Line by line, the data below should be set down unchanged, with images excluded.

• DATA SECTION:
---

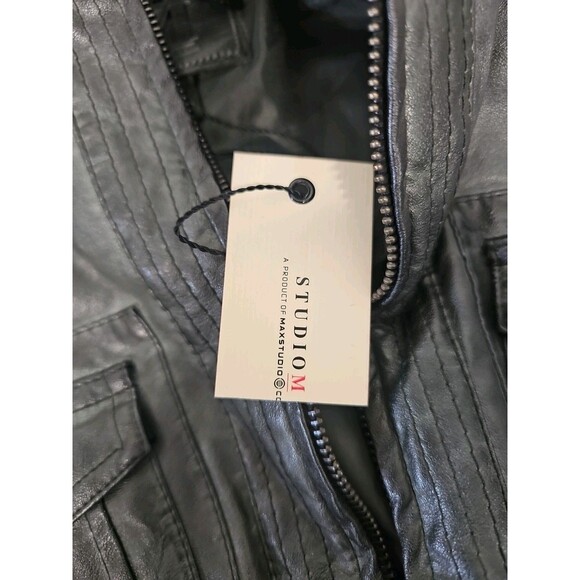 Maurices Faux Leather Jacket Size Small Olive 4M07L27 New With Tags Studio M - Picture 3 of 9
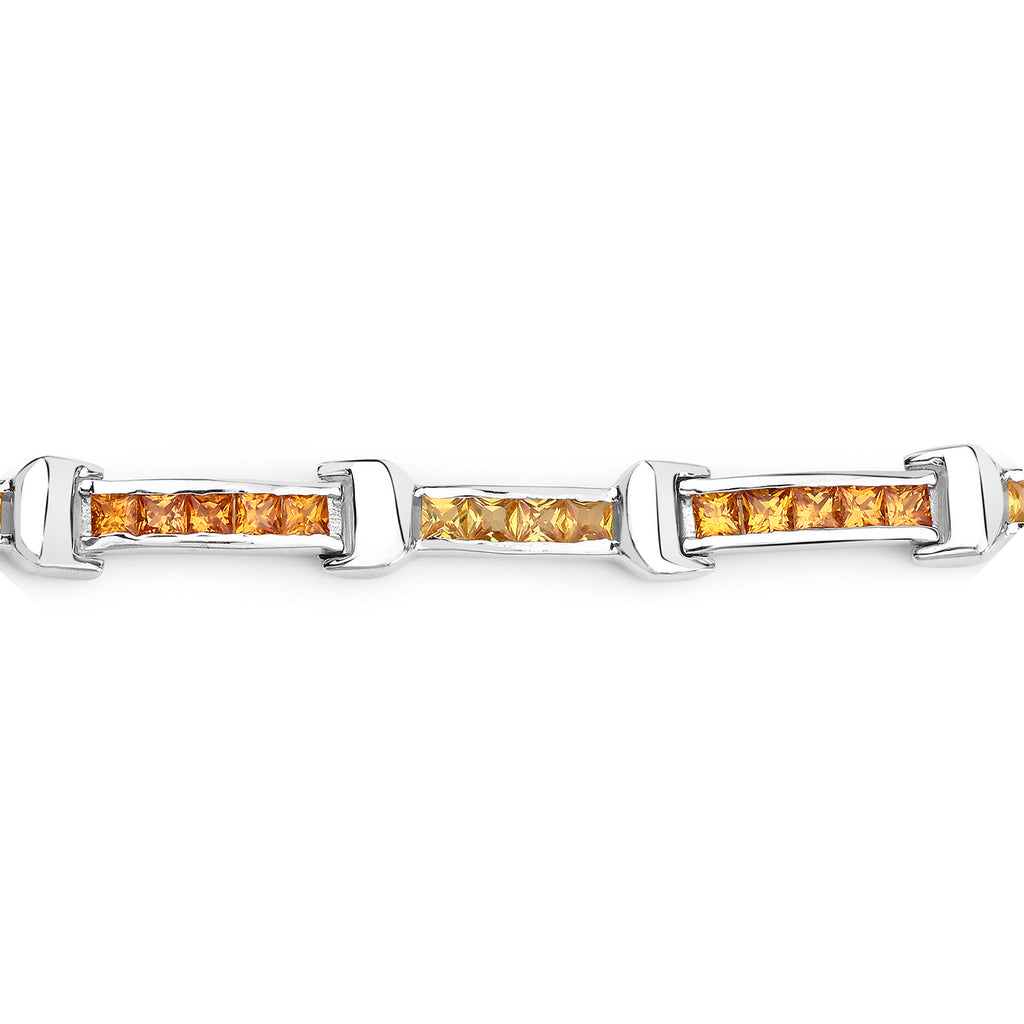 Multicolor Sapphire Tennis Bracelet 6.44 Carats Sterling Silver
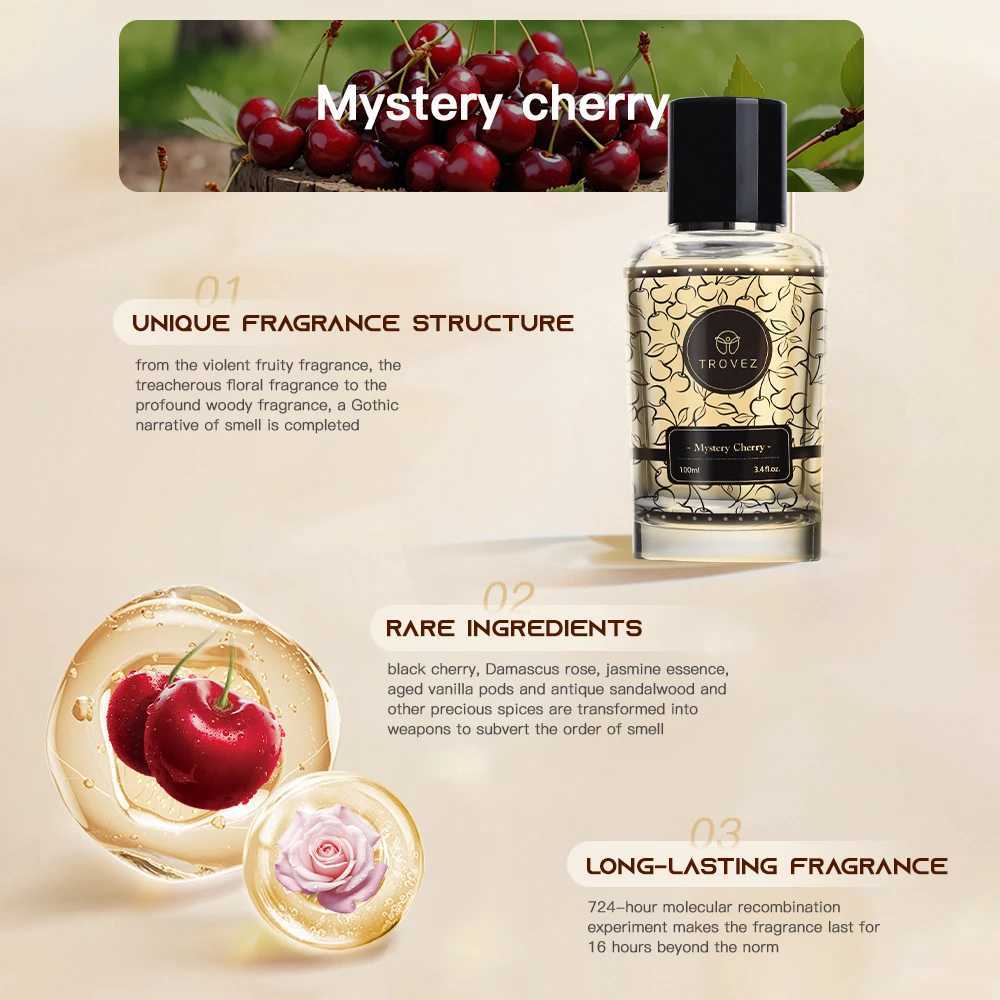 TROVEZ Mystery Cherry 100ml Perfume Long-lasting Fragrance Floral Oriental Tone Unisex Perfume Scent Gifts Body Spray PerfumesT251113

---

• EXERCISE OUTPUT:
 Maurices Faux Leather Jacket Size Small Olive 4M07L27 New With Tags Studio M - Picture 3 of 9
 Multicolor Sapphire Tennis Bracelet 6.44 Carats Sterling Silver
 TROVEZ Mystery Cherry 100ml Perfume Long-lasting Fragrance Floral Oriental Tone Unisex Perfume Scent Gifts Body Spray PerfumesT251113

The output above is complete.